** DATA PROVIDED **

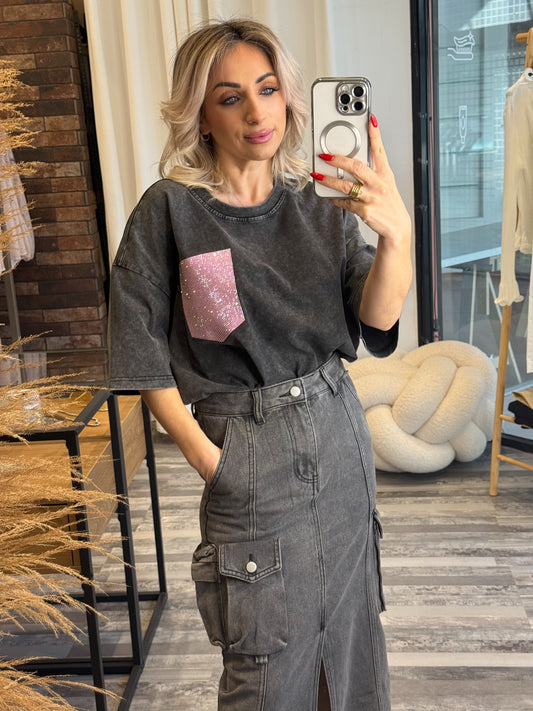 T-shirt με ροζ τσέπη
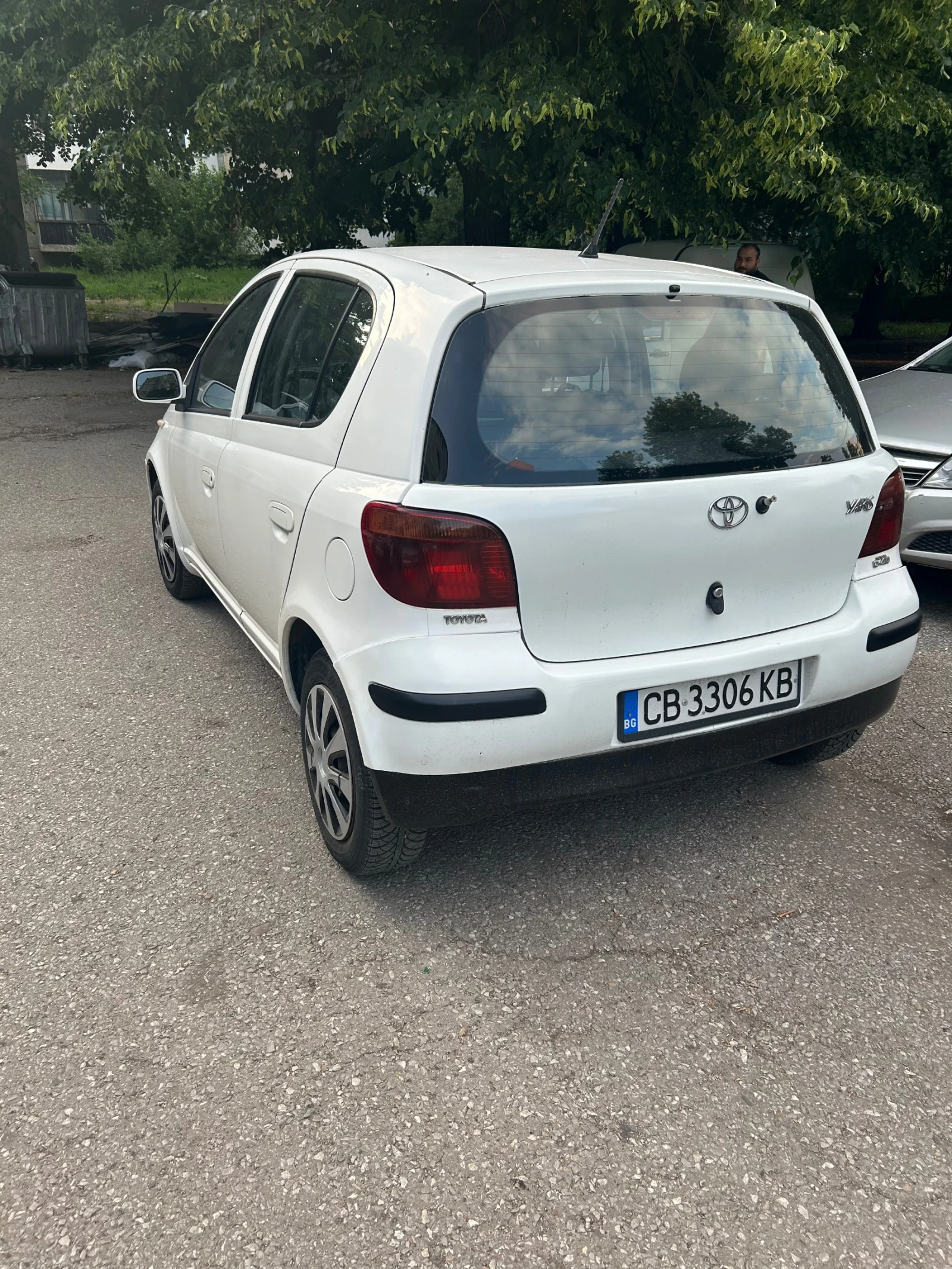 Toyota Yaris 1.4 d4d - изображение 3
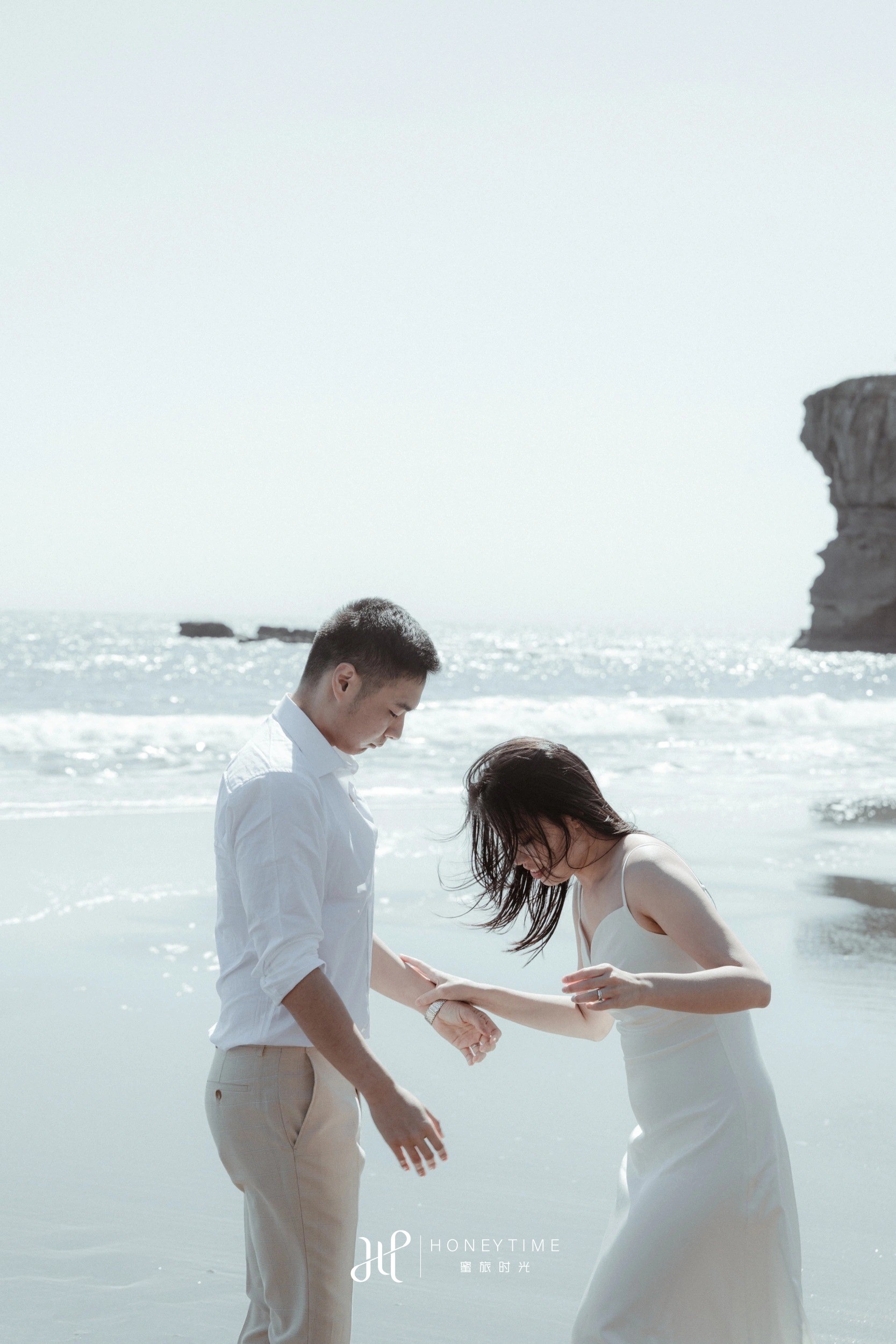 奥克兰乌岛黑沙滩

** EXERCISE OBJECTIVE **
What is needed is a verbatim copy of the material, minus its pictures.

** WRITTEN ANSWER **
 T-shirt με ροζ τσέπη
 Toyota Yaris 1.4 d4d - изображение 3
 奥克兰乌岛黑沙滩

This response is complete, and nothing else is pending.